Senior showing something in the distance to his friend seated on a bench in park

Paul Bouman turned 100 last August.

 He’s well known in our communities, especially for having joined with fellow musician Carl Schalk in founding the Bach Cantata series at Grace Lutheran Church in River Forest nearly 50 years ago. 

 His reputation is also well established as a classroom teacher at Grace School where, among other things, he taught children to sing and built a lasting tradition of children’s choirs. 

 Once a week I visit him at his Oak Park condo. It’s always in the afternoon. After his nap and mine. 

 I turned 90 a few months before Paul’s 100th last summer. Think about it: When we get together once a week for a glass of wine and conversation we bring 190 years of lived experience to whatever topic is at hand. 
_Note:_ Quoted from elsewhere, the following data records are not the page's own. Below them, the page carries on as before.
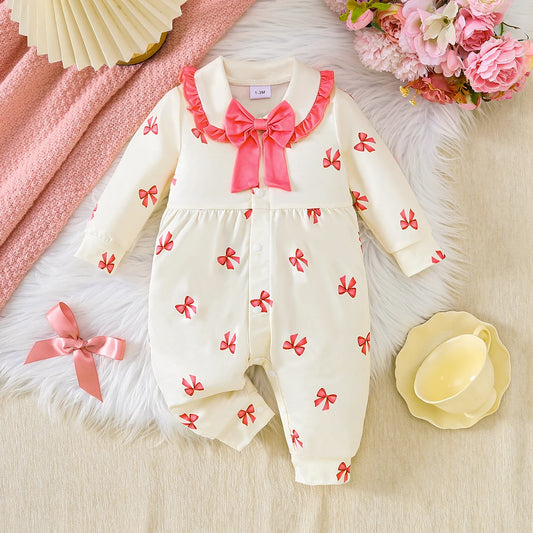 Mameluco con lazo para bebé niña | Lindo conjunto de invierno para las más pequeñas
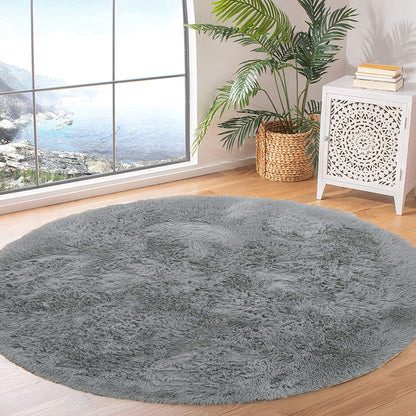 100cm Infinity Round Shag Rug Grey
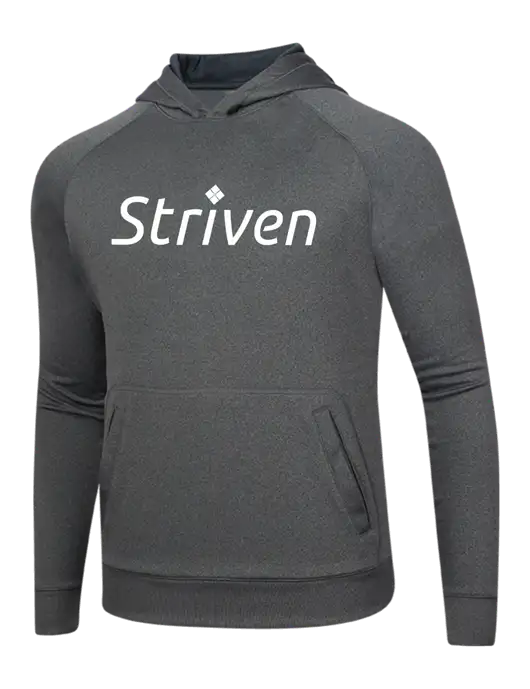 Tech Graphite Heather Fleece Hooded Sweatshirt w/Striven Logo 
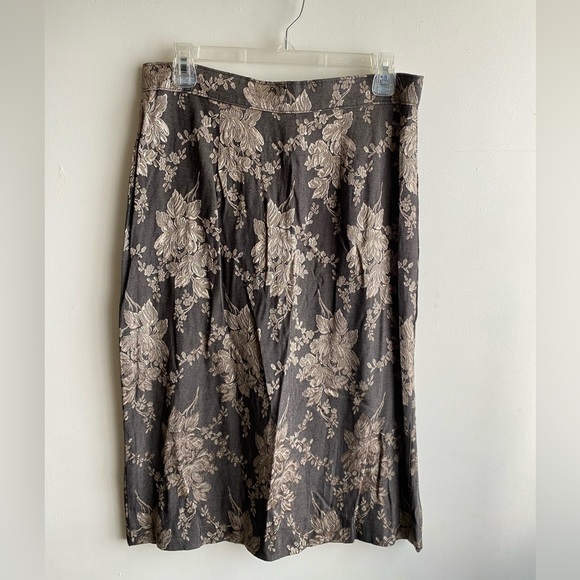 Vtg Unbranded Bronze & Gold Metallic Brocade Floral Pencil Skirt - Picture 4 of 8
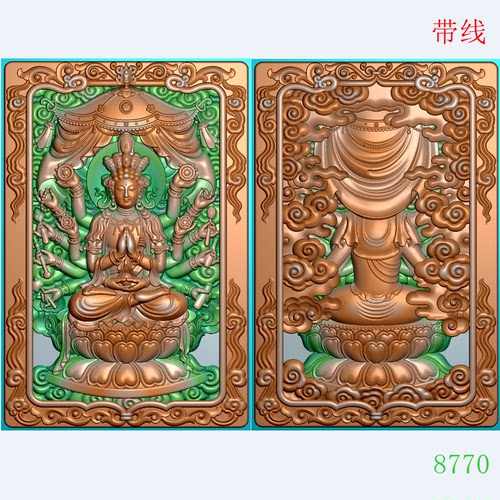 镂空八大守护神46牌挂件带线-千手观音编号8770浮雕灰度精雕图JDP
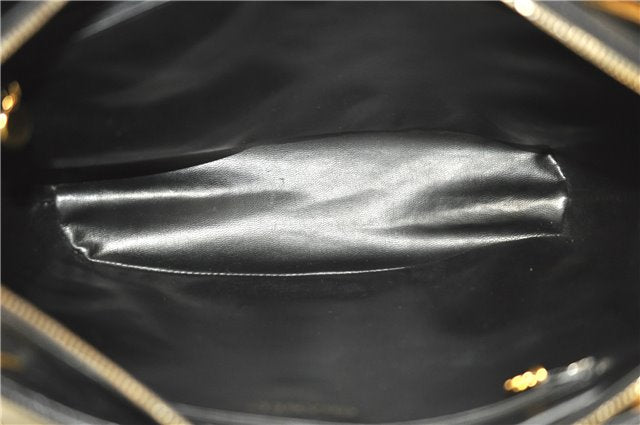 Authentic CHANEL Caviar Skin V Stitch Chain Shoulder Tote Bag Black CC H1915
 Our mutual longevity doesn’t make us better. It does makes us aware of what a rare gift a 60+ year friendship is and how good it is to enjoy, year after year. 

 Such a gift has to do with the commonalities that all friends experience as the glue that holds people together across all kinds of barriers: mutual respect, freedom for others to enjoy other friendships, empathetic listening, honest candor, healthy boundaries, realism about what friendship can and can’t deliver, and whatever else is summed up in the saying, “Be witty if you can, be attractive if you must, but be agreeable if it kills you.” 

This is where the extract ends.